> [To do]
Given the records below, pull every line with the word "Pendant" into the answer.

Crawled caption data
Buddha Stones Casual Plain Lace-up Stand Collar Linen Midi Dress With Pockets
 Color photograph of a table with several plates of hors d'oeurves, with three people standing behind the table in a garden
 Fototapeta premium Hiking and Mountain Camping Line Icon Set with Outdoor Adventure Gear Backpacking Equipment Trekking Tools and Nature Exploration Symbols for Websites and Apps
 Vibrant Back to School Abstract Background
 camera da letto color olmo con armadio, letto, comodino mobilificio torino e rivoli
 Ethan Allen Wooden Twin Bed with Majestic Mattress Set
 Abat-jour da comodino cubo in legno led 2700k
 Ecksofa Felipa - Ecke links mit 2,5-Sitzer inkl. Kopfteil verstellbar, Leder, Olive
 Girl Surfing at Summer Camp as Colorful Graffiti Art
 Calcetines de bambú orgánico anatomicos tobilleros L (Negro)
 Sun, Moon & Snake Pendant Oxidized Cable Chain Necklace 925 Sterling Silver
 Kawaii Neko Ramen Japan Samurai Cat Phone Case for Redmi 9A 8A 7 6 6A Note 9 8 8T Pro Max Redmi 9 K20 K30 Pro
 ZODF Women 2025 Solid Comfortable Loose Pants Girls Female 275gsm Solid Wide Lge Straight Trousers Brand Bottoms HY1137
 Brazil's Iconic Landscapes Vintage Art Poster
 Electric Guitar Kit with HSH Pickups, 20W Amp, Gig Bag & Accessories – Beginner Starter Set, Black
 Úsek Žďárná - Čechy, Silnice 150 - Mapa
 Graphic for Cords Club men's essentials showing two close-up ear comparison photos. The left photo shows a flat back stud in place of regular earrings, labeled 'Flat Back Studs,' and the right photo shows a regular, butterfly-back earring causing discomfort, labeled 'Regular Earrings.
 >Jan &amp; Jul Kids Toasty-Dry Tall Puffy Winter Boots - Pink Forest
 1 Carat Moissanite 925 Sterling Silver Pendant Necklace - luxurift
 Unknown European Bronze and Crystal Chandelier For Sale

> [Task response]
 Sun, Moon & Snake Pendant Oxidized Cable Chain Necklace 925 Sterling Silver
 1 Carat Moissanite 925 Sterling Silver Pendant Necklace - luxurift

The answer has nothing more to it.